Da alcol a droghe, i farmaci contro diabete e obesità difendono anche da dipendenze
I farmaci per diabete e obesità, gli agonisti del recettore per GLP-1, sono efficaci contro la dipendenza da sostanze: emerge da uno studio della Washington University School of Medicine di St.Louis secondo cui questi farmaci funzionano nel trattamento e nella prevenzione dei disturbi d'abuso per tutte le principali sostanze stupefacenti, forse agendo su un percorso biologico comune alla base della dipendenza.
L'analisi, pubblicato sul British Medical Journal, è stata condotta su oltre 600.000 veterani statunitensi con diabete suddivisi in due gruppi: quelli senza un disturbo da uso di sostanze preesistente e quelli che ne avevano già uno. Lo studio ha esaminato le loro cartelle cliniche per un massimo di tre anni, a partire da quando hanno iniziato ad assumere un agonista del recettore del GLP-1 (come semaglutide, liraglutide o dulaglutide) o un altro tipo di farmaco anti-diabete, chiamato inibitore del SGLT2. Durante il periodo di studio, i ricercatori hanno monitorato quali dei 524.817 partecipanti del primo gruppo hanno sviluppato un disturbo da uso di alcol, cannabis, cocaina, nicotina, oppioidi o altre sostanze. Per il secondo gruppo, quelli con un disturbo da uso di sostanze, i ricercatori hanno monitorato quali degli 81.617 partecipanti hanno avuto accessi al pronto soccorso, ricoveri, mortalità, overdose o ideazione di suicidio correlati alla droga. Rispetto ai pazienti trattati per il diabete con un farmaco non GLP-1, l'uso di GLP-1 è stato associato a una riduzione del 14% del rischio di sviluppare qualsiasi tipo di dipendenza. Ciò si è tradotto in sette nuove diagnosi di abuso di sostanze in meno ogni 1.000 consumatori di GLP-1. Tra i pazienti con disturbo da uso di sostanze, i livelli di GLP-1 sono stati associati a un minor numero di ricoveri, overdose e decessi correlati all'uso di sostanze.

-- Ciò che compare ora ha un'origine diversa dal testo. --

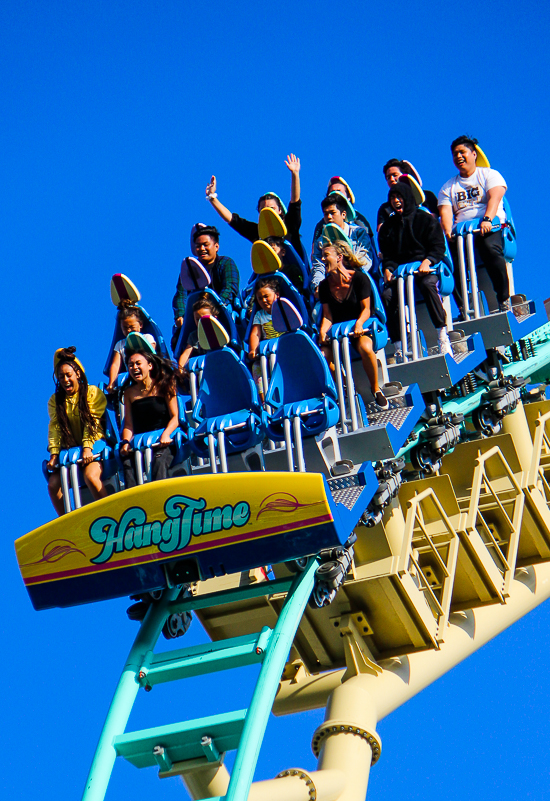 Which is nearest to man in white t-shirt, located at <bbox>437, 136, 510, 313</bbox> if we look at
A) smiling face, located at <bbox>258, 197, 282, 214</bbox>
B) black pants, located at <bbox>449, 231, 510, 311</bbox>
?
black pants, located at <bbox>449, 231, 510, 311</bbox>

Dopo tre anni, si è registrata una riduzione del 30% degli accessi al pronto soccorso, del 25% dei ricoveri, del 40% dei casi di overdose e del 50% dei decessi correlati all'uso di droghe. Ciò si è tradotto in 12 eventi gravi in meno ogni 1.000 consumatori di GLP-1.
È possibile che nel cervello ci siano recettori del GLP-1 in regioni chiave per la gratificazione, e che quindi potrebbero influenzare il desiderio dell'uso di sostanze. (ANSA).